The legendary Nelson, whose 52 Tour victories included 11 in a row in 1945, died 16 months later.
This week marks the end of another era at Nelson’s namesake event in Irving, Texas. Starting next year, it will move from the Las Colinas complex, where it has been held since 1986.
Few moments were more memorable than when Woods’ feat of payday consistency ended on a breezy Friday the 13th in May 2005. For those who witnessed it, the stunning setback for the game’s dominant player prompted shock and awe.
The run would be compared with baseball ironmen Joe DiMaggio and Cal Ripken. From February 1998 to May 2005, Woods never missed a weekend, obliterating Nelson’s record of 113 straight finishes in the money.
Nobody saw it coming. Woods had won the Masters in a playoff with Chris DiMarco shortly before he showed up to play in Dallas. He struggled in his warmup Friday morning, however, then teed it up on the tight Cottonwood Valley course, one of the two tracks used by host Four Seasons Resort for the first two rounds.
“I was just trying to fly by night and kind of bandage my way through to the finish,” Woods said after closing with a 2-over 72 and 1-over 141 total.
Witnesses needed a cold compress. Some 1,500 fans ringed the final green, most of them oblivious to what was at stake because of the absence of leaderboards on the secondary Cottonwood course. Woods laced a long iron down the middle off the tee, then pulled a 7-iron. Few knew that he needed a par to make the cut.
He backed off twice as the wind swirled, then deposited the ball onto the downslope of a greenside bunker. His improbable sand shot rolled 15 feet past the hole. In the locker room, Jesper Parnevik told The Associated Press that players were making bets that Woods would deliver, as always.
“Guys were offering $1,000 that he would make it,” Parnevik said.
One of Woods’ playing competitors, Kevin Sutherland, said he turned to his caddie and said, “You know he’s going to make this.”
For the first time in forever, he didn’t. Over time, as Woods’ feats became the stuff of lore, the cut streak was recognized as an extraordinary run of consistency that hasn’t been sniffed since. The active mark for consecutive cuts on the PGA Tour is 15. Woods’ run lasted parts of eight seasons.
His coach at the time, Hank Haney, said this week that the streak is a highlight on Woods’ resume, though it’s rarely a focal point. After all, Woods won 79 Tour titles, including 14 major championships, to rank second all-time in both categories.
“[The streak was] probably as good as any, but people talk about wins, and wins in majors is the only standard people seem to pay attention to,” Haney said.
Has it been under-appreciated? Some point out that Woods competed in 31 no-cut events during the run, but that still left 111 in which the weekend was not assured. It’s defensibly as heady of as achievement in Woods’ foot-thick annals, along with:
As word spread around Las Colinas that Woods was engaged in only the second Friday-night trunk slam of his unparalleled career, admiration among his peers soared another notch, if that’s possible.

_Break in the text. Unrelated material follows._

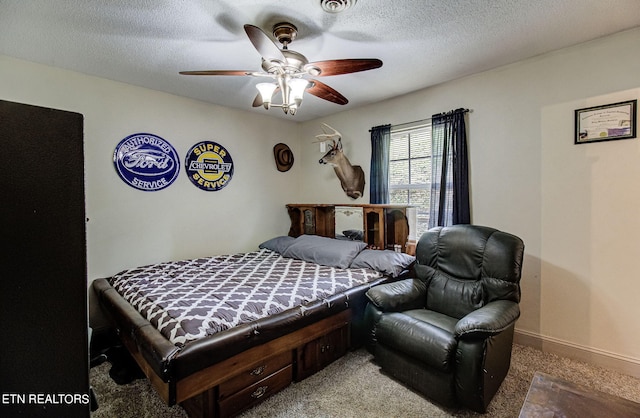 bedroom with a textured ceiling, carpet flooring, and ceiling fan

“That record will never be broken,” Robert Allenby said.
Woods routinely has eschewed invitations to list his accomplishments in any particular order – it’s a subjective argument that makes for great conversations on Twitter or around the clubhouse bar – but he tried to wrap his head around the run of 142 paychecks in a row before he hit the road on May 13, 2005.
“I think this is [attributable] more to intestinal fortitude than anything else,” he said after signing his card that day. “Days when you just don't have it, you don't mail it in. You don't pack it in. You give it everything you've got.
“You grind it out. I don't care what kind of game you have. You somehow try and find a way to get it done. You've seen me do it over the years. I should have missed many a cut by now, but you somehow figure out a way. That's part of my attitude and belief, that you should always have the switch on. You can't turn it on and off.”
As the light switch flickers with regard to Woods’ career and the Nelson’s lengthy run at Las Colinas, that’s both a sentiment and an achievement well worth recalling.